The most fascinating person in any given photograph is usually the one whose face is cut off, out of focus or turned away. We can smile and say cheese all we like, but it's these mistakes, the shots snapped a half-second too late, that truly reveal, hinting at the unguarded lives beyond the frame. Two new novels -- "The Shadow Catcher," by Marianne Wiggins, and "The Last Summer of the World," a debut by Emily Mitchell -- zoom in on this periphery to explain and expand on the lives and loves of two of photographic history's most complicated and compelling characters, Edward Curtis and Edward Steichen.
Like photographers, both Wiggins and Mitchell have chosen their subjects deliberately and staged their dramas with care, embroidering known history by promoting wives, lovers, mothers, sisters, colleagues and other walk-on characters to leading roles. But at the center of each of their tales is a solitary man, a cipher of sorts, who expresses himself most sensitively through the images he produces. Perhaps unsurprisingly, then, both "The Last Summer" and "The Shadow Catcher" are also cluttered with the clichéd debris of masculine creativity -- the abandoned children and aggrieved wives, the epic visions, egos and doubts.
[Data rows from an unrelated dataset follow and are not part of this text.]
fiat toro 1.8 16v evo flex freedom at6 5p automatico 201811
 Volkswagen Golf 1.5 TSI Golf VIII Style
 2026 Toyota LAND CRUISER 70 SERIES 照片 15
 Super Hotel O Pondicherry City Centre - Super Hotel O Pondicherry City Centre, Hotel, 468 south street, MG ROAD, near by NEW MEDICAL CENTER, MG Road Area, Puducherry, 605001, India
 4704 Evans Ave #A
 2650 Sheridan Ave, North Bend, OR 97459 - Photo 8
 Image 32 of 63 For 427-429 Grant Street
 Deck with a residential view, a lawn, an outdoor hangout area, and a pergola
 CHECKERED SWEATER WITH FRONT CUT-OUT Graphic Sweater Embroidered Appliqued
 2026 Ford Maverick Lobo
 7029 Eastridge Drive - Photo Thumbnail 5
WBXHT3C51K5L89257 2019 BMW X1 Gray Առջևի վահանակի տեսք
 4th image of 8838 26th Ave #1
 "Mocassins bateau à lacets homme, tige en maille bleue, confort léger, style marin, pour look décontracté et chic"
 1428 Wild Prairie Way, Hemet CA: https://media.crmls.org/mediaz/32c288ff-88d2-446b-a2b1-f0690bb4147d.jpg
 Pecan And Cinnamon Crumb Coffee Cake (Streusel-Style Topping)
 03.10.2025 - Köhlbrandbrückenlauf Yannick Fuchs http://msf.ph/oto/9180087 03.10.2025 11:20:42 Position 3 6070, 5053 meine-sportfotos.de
We have long since given up on the idea that photographs serve up impartial truths and embraced them as art. But is it any less naive to believe we can glean a glimpse of the men behind the lens by looking at what they placed in front of it? Of the two novelists, Wiggins makes the most impassioned case for trying. In "The Shadow Catcher," when Clara, the young woman who will become Edward Curtis' wife, first happens upon his photographs hidden away in a barn darkroom, she shudders with sudden insight: "The photographer was acting for you with his eyes, acting as your own eyes would. It was a contract between the artist and the viewer that few painters could make, and it was deeply personal, she saw, because she could not look at any photograph of Edward's without thinking about Edward, himself, about the man behind the camera, about how and why he had positioned himself where he had."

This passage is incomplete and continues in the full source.